Consumer confidence and its impact on Murphy Oil demand

– There is a high probability of declining consumer confidence, given – high inflammation rate, rise of gig economy, lower job stability, increasing cost of living, higher interest rates, and aging demography. All the factors contribute to people saving higher rate of their income, resulting in lower consumer demand in Oil & Gas Operations industry and other sectors.

Increasing international competition and downward pressure on margins

– Apart from technology driven competitive advantage dilution, Murphy Oil can face downward pressure on margins from increasing competition from international players. The international players have stable revenue in their home market and can use those resources to penetrate Murphy Oil prominent markets.

High level of anxiety and lack of motivation

– the Great Resignation in United States is the sign of broader dissatisfaction among the workforce in United States. Murphy Oil needs to understand the core reasons impacting the Oil & Gas Operations industry. This will help it in building a better workplace.




Weighted SWOT Analysis of Murphy Oil Template, Example


Not all factors mentioned under the Strengths, Weakness, Opportunities, and Threats quadrants in the SWOT Analysis are equal. Managers at Murphy Oil needs to zero down on the relative importance of each factor mentioned in the Strengths, Weakness, Opportunities, and Threats quadrants. We can provide the relative importance to each factor by assigning relative weights. Weighted SWOT analysis process is a three stage process –

First stage for doing weighted SWOT analysis of Murphy Oil is to rank the strengths and weaknesses of the organization. This will help you to assess the most important strengths and weaknesses of the firm and which one of the strengths and weaknesses mentioned in the initial lists are marginal and can be left out.

Second stage for conducting weighted SWOT analysis of Murphy Oil is to give probabilities to the external strategic factors thus better understanding the opportunities and threats arising out of macro environment changes and developments.

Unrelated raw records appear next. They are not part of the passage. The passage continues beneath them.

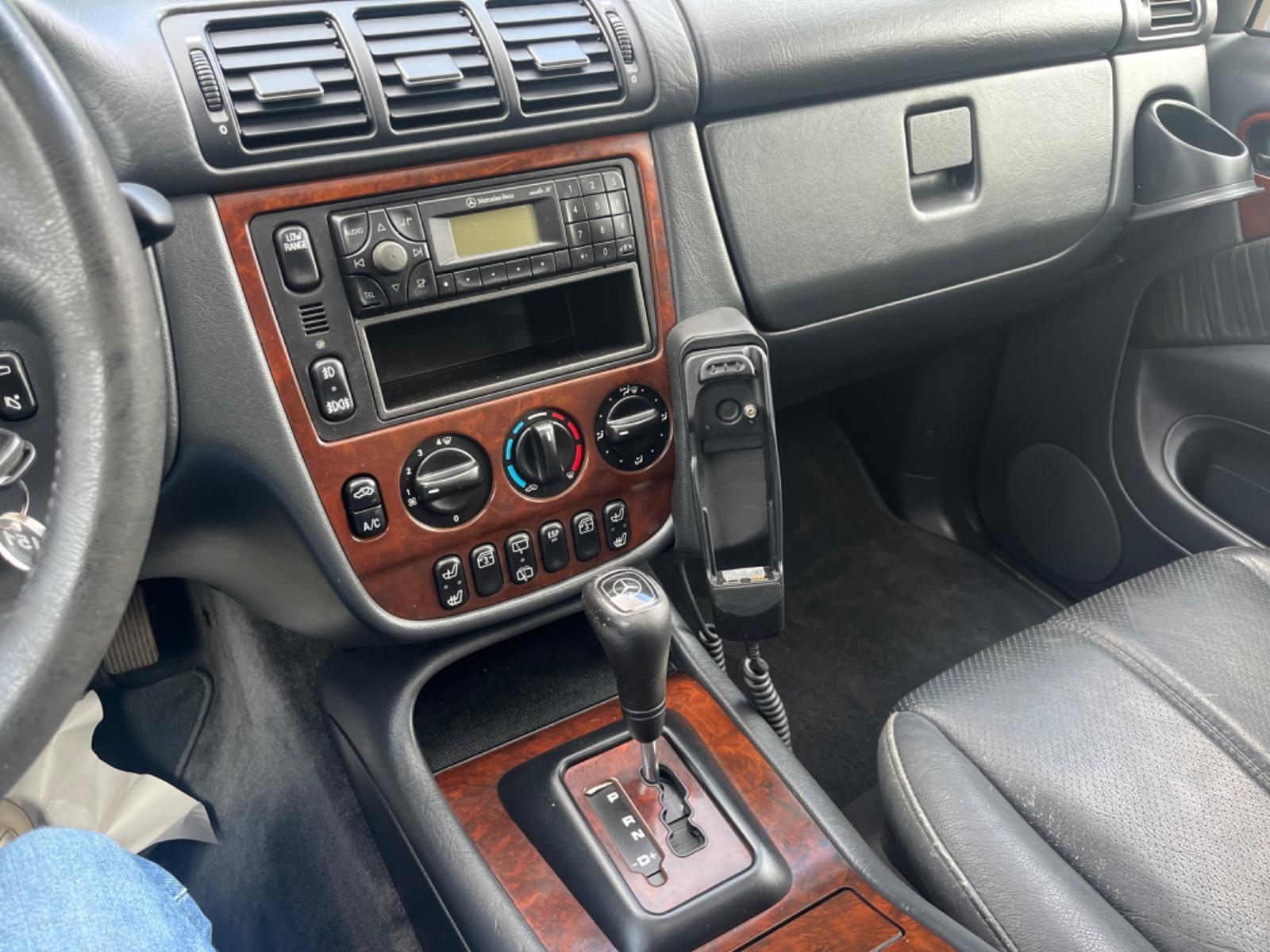 Mercedes-Benz ML 320 3.2 /AHK/KLIMA/SITZH/TEMPO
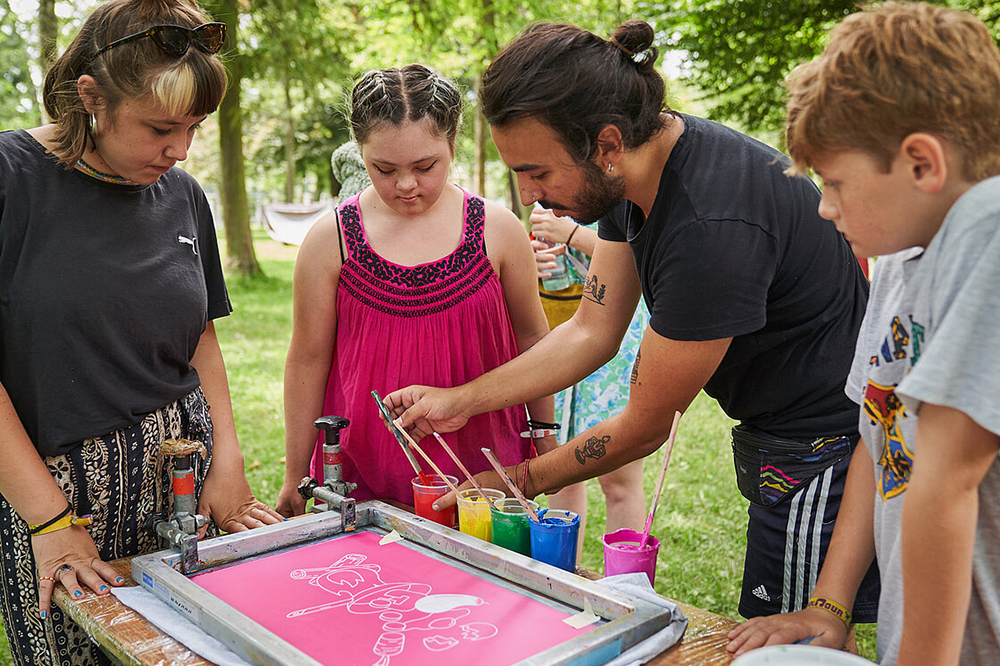 В организации Blindspot волонтеры организовывают летний лагерь — там можно проявить свои творческие способности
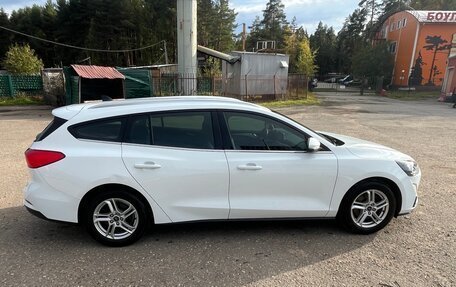 Ford Focus IV, 2021 год, 1 800 000 рублей, 2 фотография
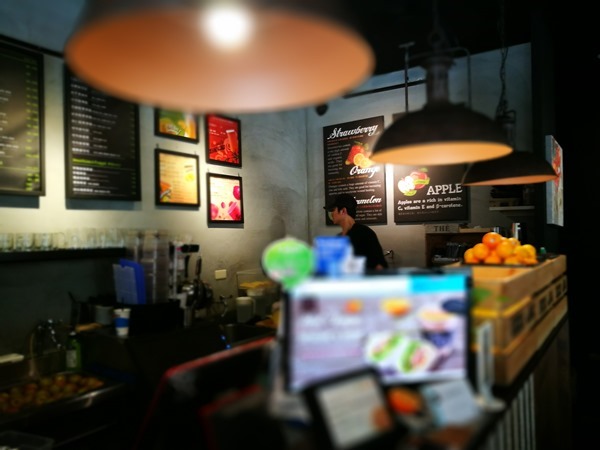 goujia11 中壢-果家 到位的裝潢輕鬆的環境 等看電影的好去處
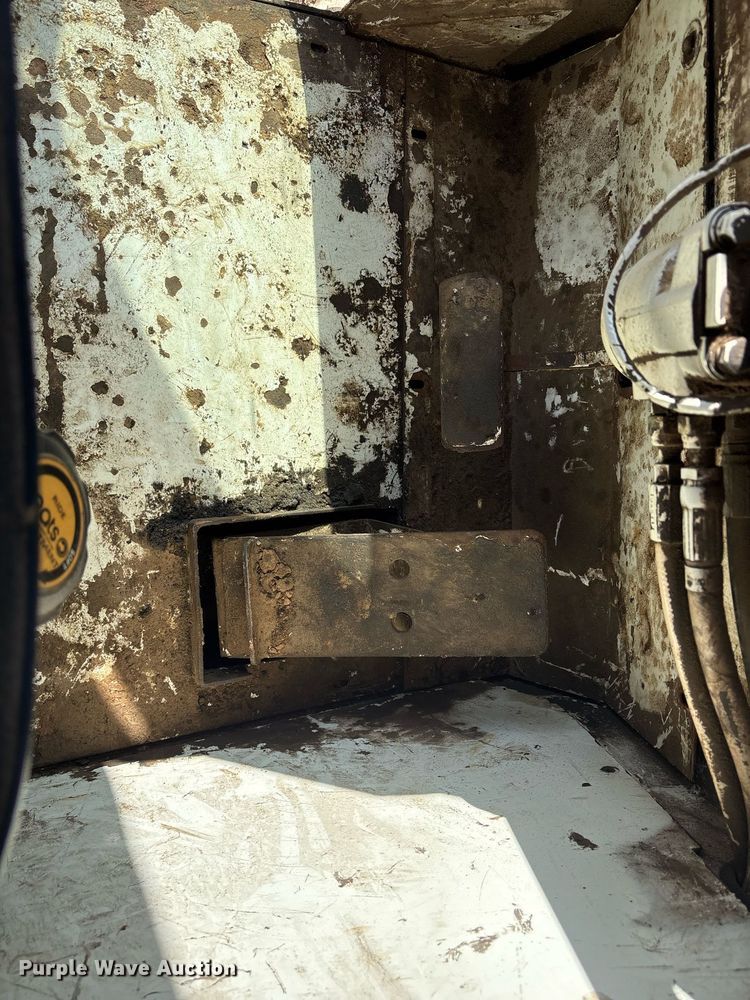 image for item DM1892 1997 Elgin Pelican Series SE street sweeper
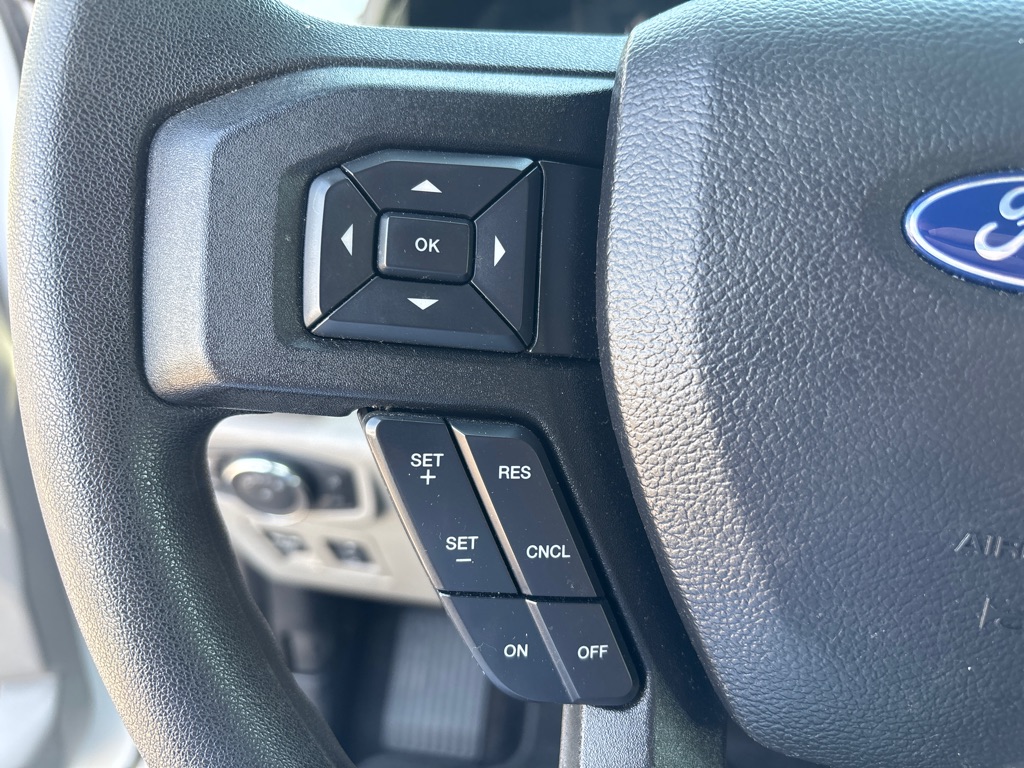 Photo 17 of this FORD F150
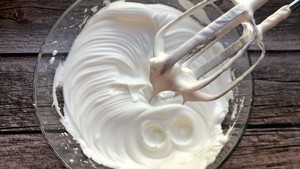 六寸戚风蛋糕 小白版-烘焙食谱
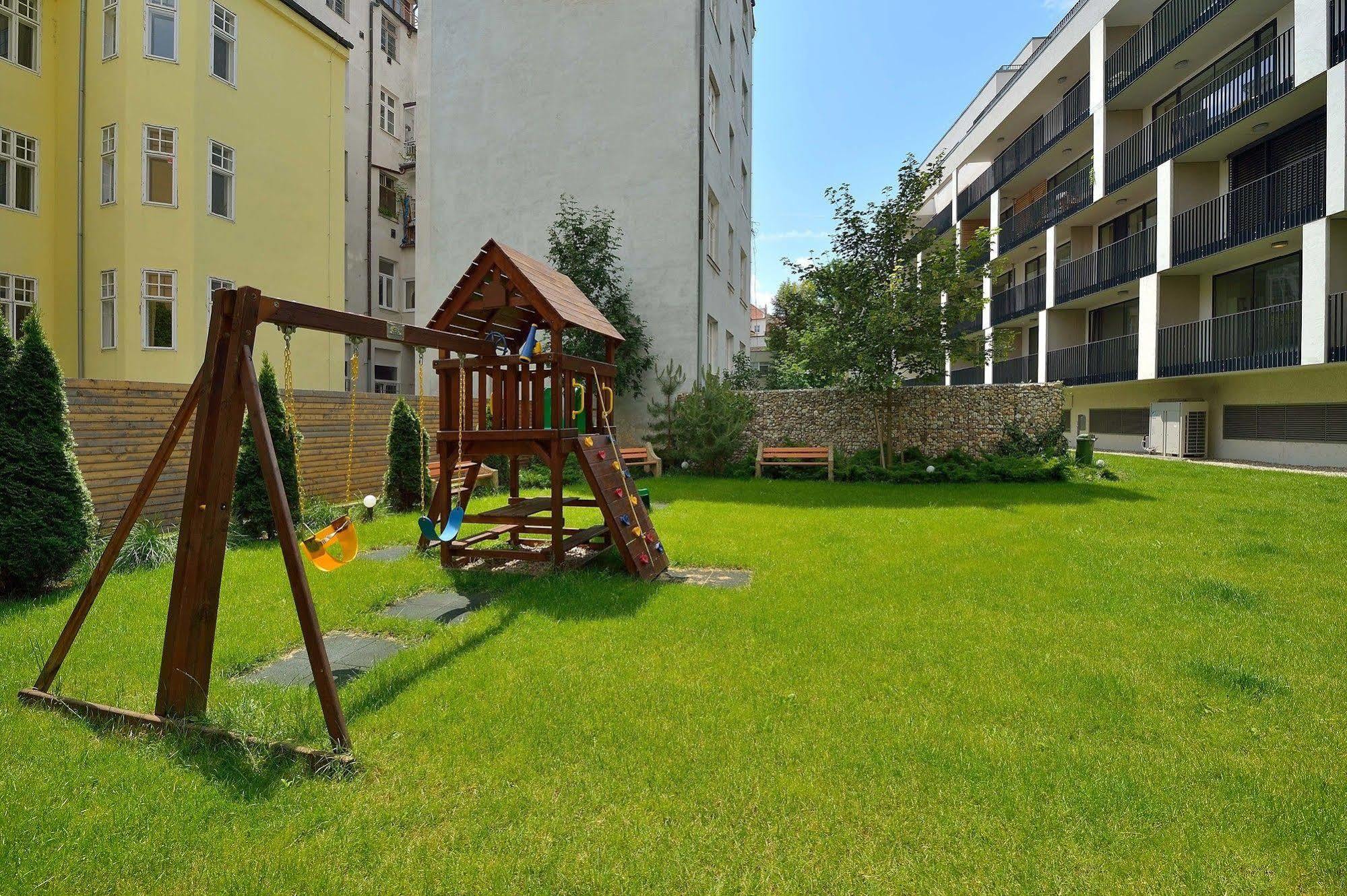 Ambiente Serviced Apartments - Dunajska Братислава Экстерьер фото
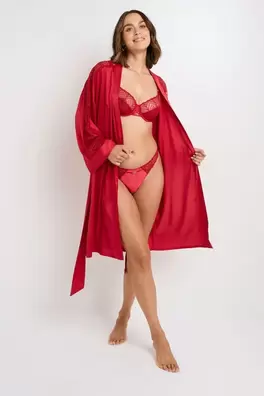 KIMONO EN SATIN ET DENTELLE ROUGE offre à 39,99€ sur Rougegorge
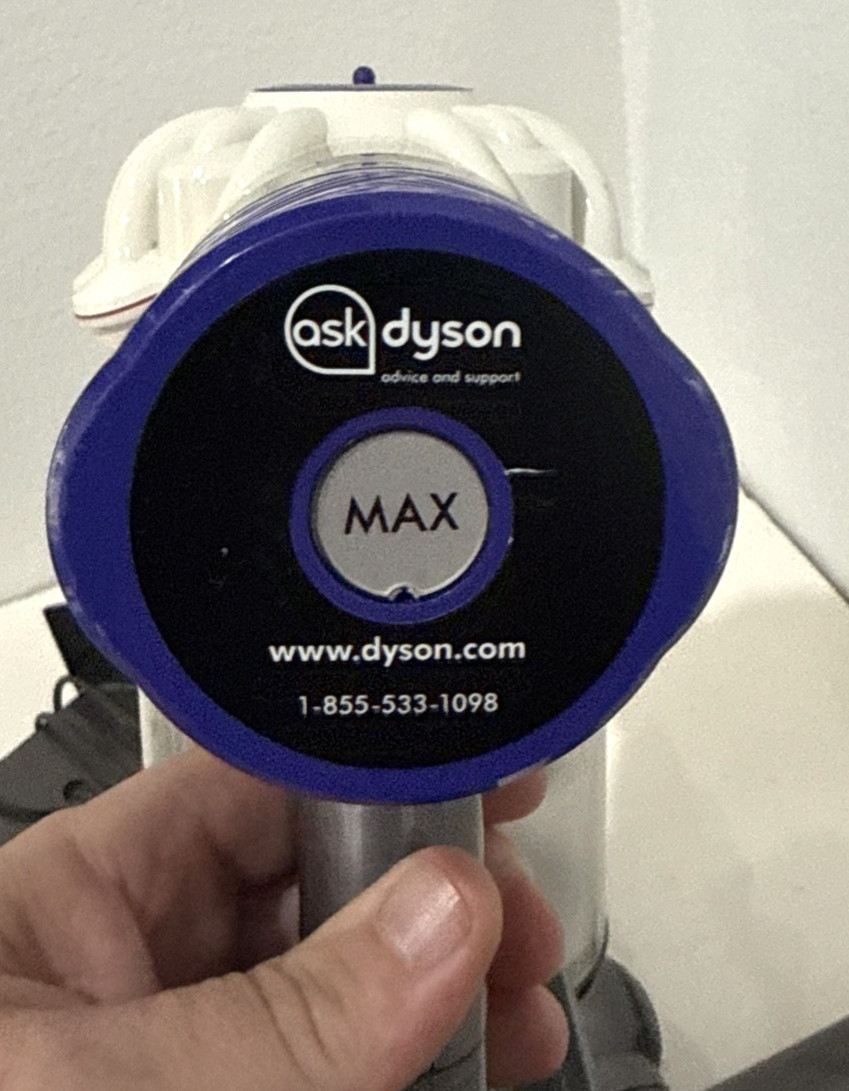 Dyson V8 SV25 Vacuum Cleaner Max Hand Held Bagless Cordless Rechargeable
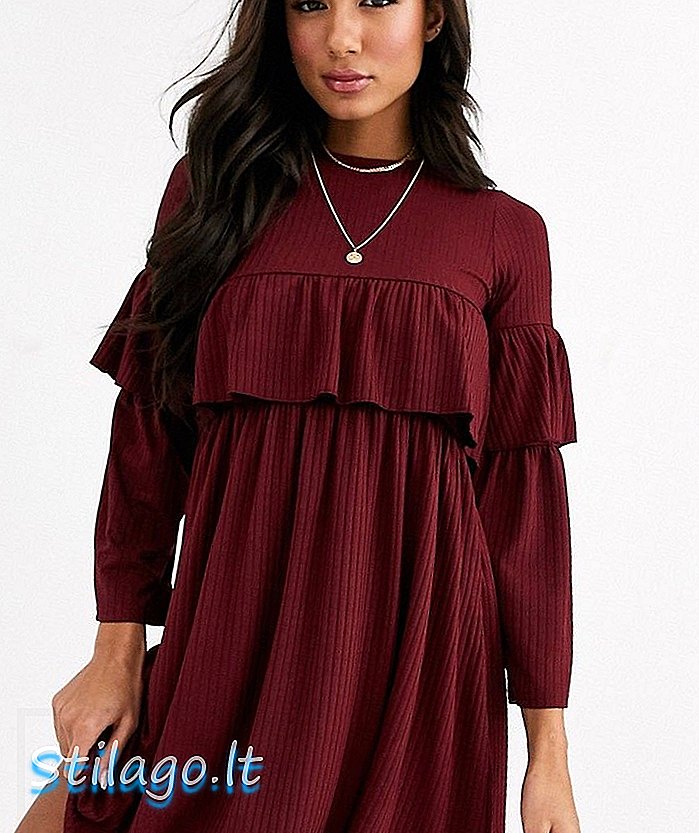 Ekskluzywna, prążkowana sukienka typu boohoo z marszczonymi rękawami w kolorze burgundowo-czerwonym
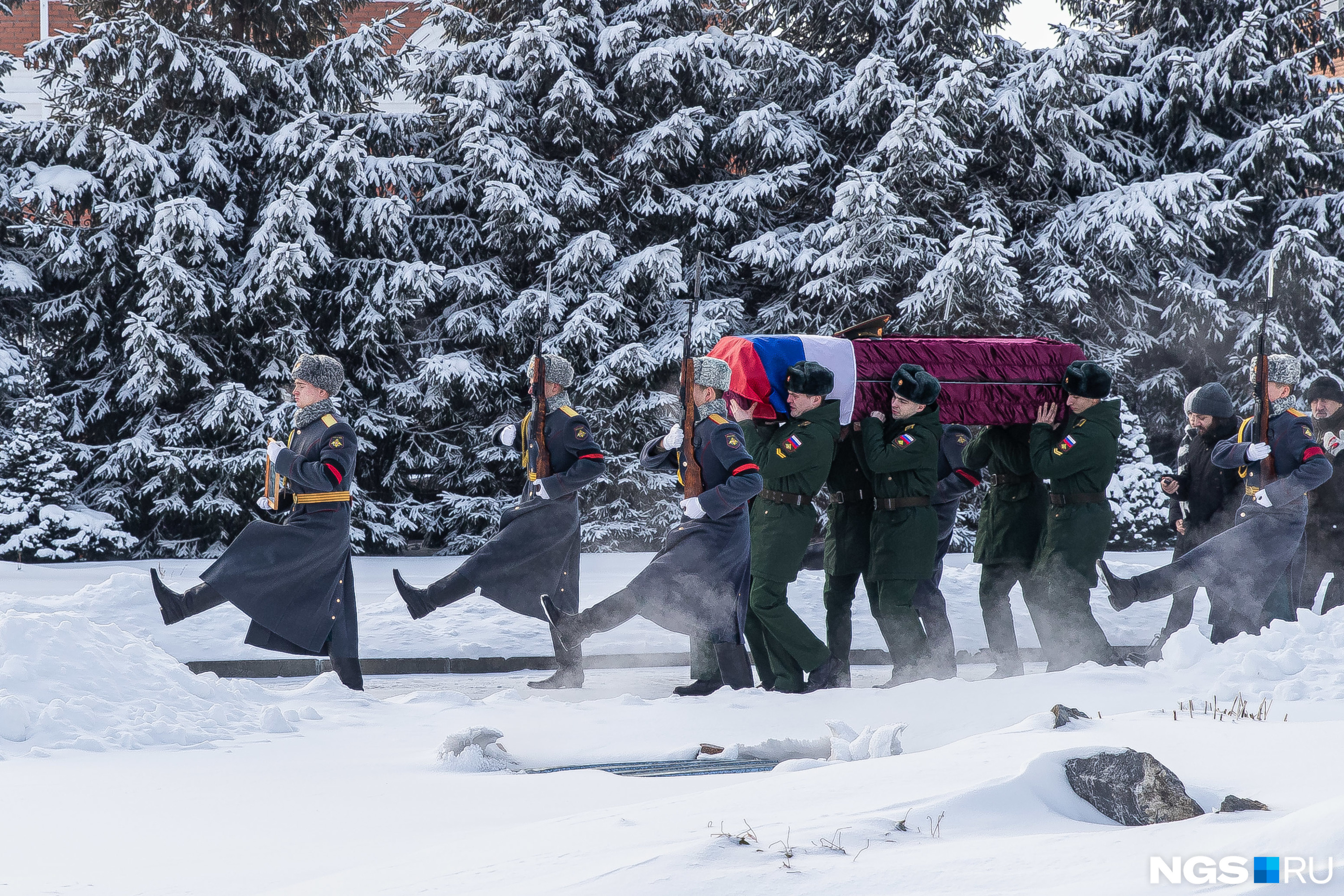 Молчаливые похороны. Как в Бердске прощались с 42-летним мобилизованным, погибшим в СВО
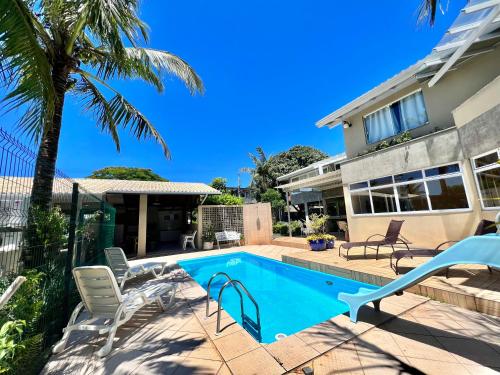 uma piscina no quintal de uma casa em MORADA ILHA PARAISO em Florianópolis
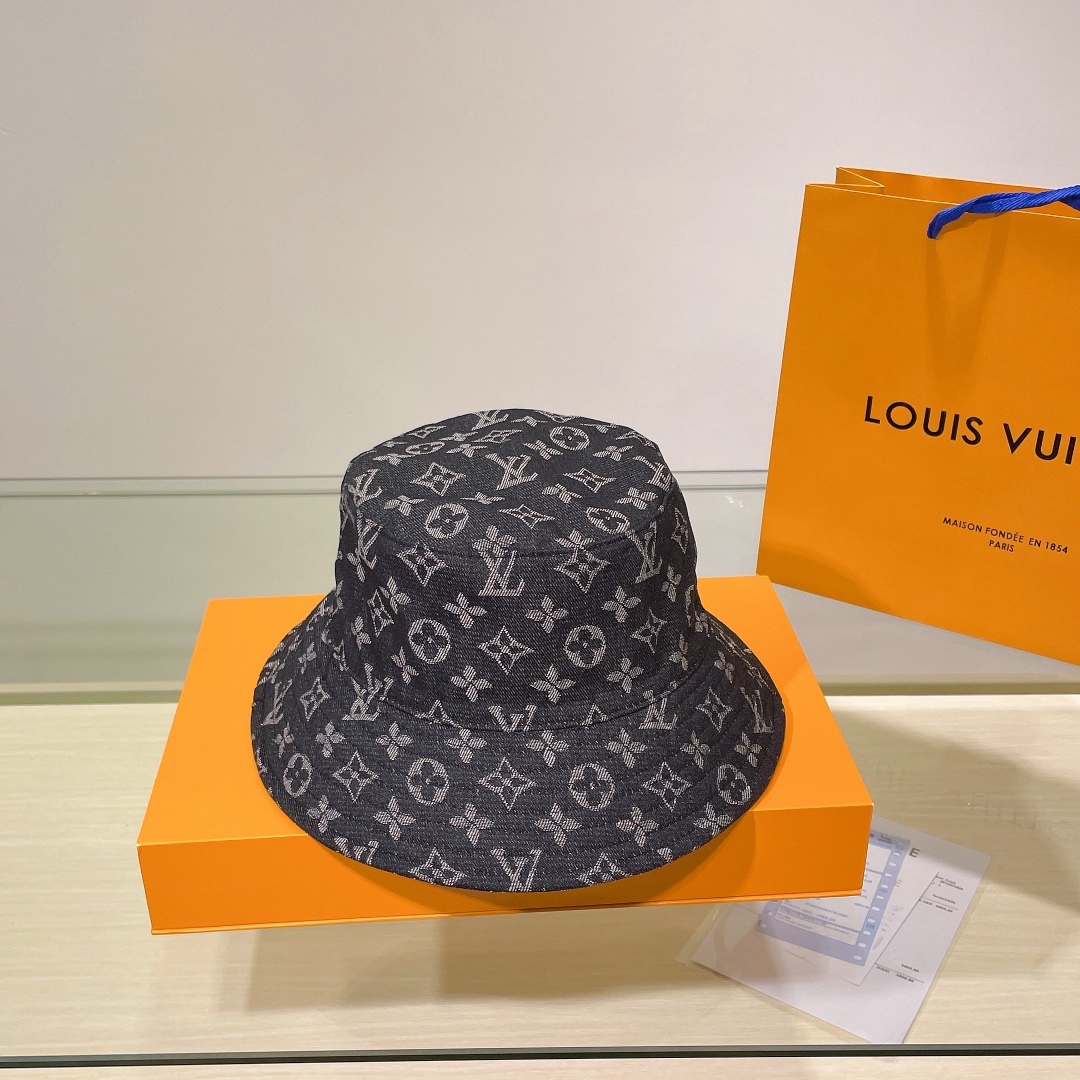 TOP Louis Vuitton LV Autumn And Winter New Fisherman Hat - 2 Colors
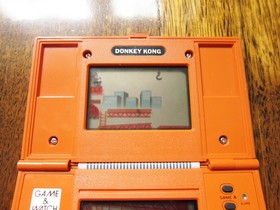 NINTENDO Donkey Kong Game and Watch in Very Good Condition (DK-52) 1982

Third stage of constructing weighted SWOT analysis of Murphy Oil to provide strategic recommendations includes – joining likelihood of external strategic factors such as opportunities and threats to the internal strategic factors – strengths and weaknesses. You should start with external factors as they will provide the direction of the overall industry. Secondly by joining probabilities with internal strategic factors can help the company not only strategic fit but also the most probably strategic trade-off that Murphy Oil needs to make to build a sustainable competitive advantage.